**Source material:**
──────

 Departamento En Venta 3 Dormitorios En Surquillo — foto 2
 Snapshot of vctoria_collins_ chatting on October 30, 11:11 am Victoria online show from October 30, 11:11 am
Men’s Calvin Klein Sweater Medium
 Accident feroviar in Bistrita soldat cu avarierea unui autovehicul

──────

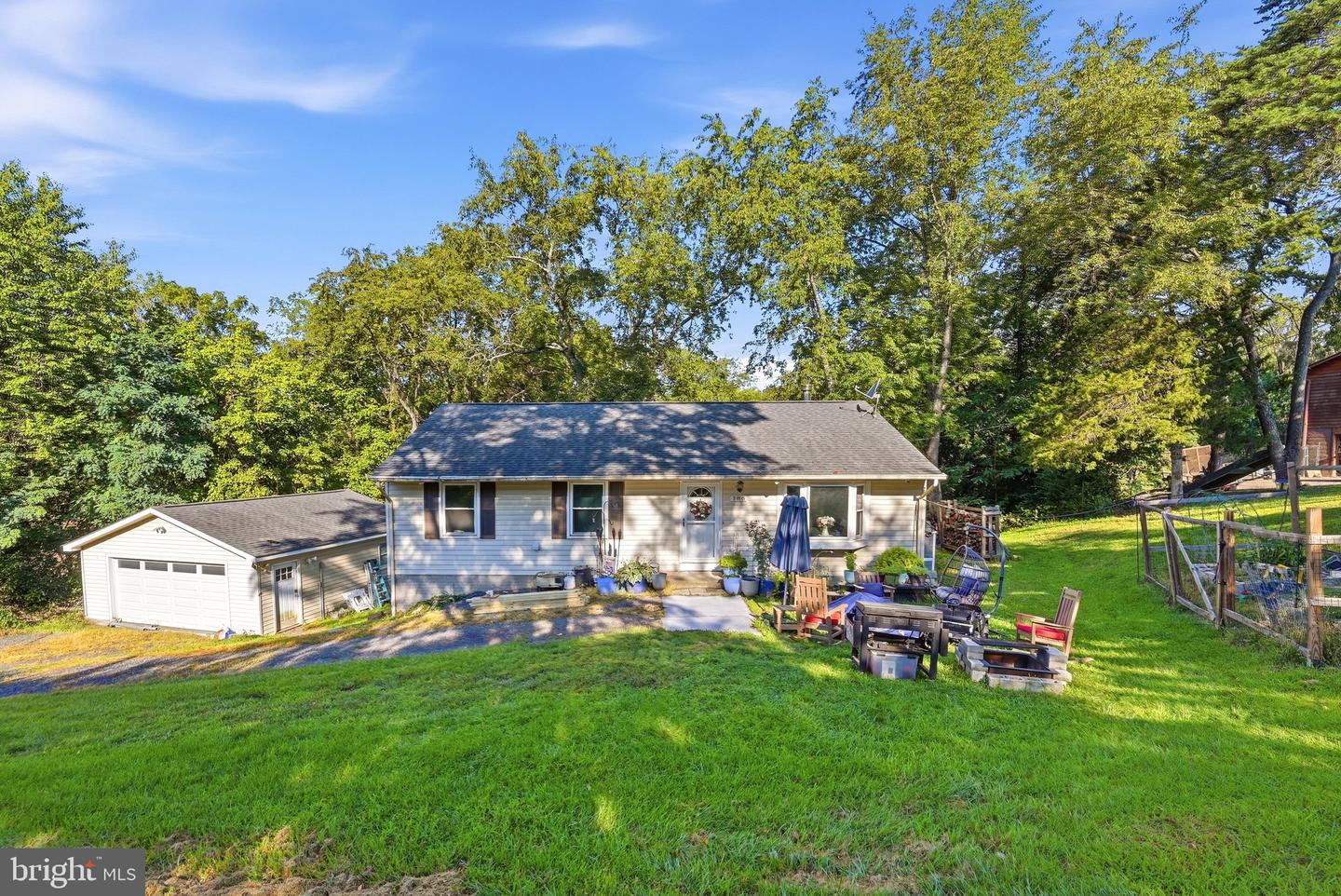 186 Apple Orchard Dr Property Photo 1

──────

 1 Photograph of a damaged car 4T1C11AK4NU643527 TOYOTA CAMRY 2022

──────

Would you please write out, exactly and with no other lines, the stretch of the listing above from the line containing "Departamento En Venta" through the line containing "Accident feroviar in"?

**Written response:**
 Departamento En Venta 3 Dormitorios En Surquillo — foto 2
 Snapshot of vctoria_collins_ chatting on October 30, 11:11 am Victoria online show from October 30, 11:11 am
Men’s Calvin Klein Sweater Medium
 Accident feroviar in Bistrita soldat cu avarierea unui autovehicul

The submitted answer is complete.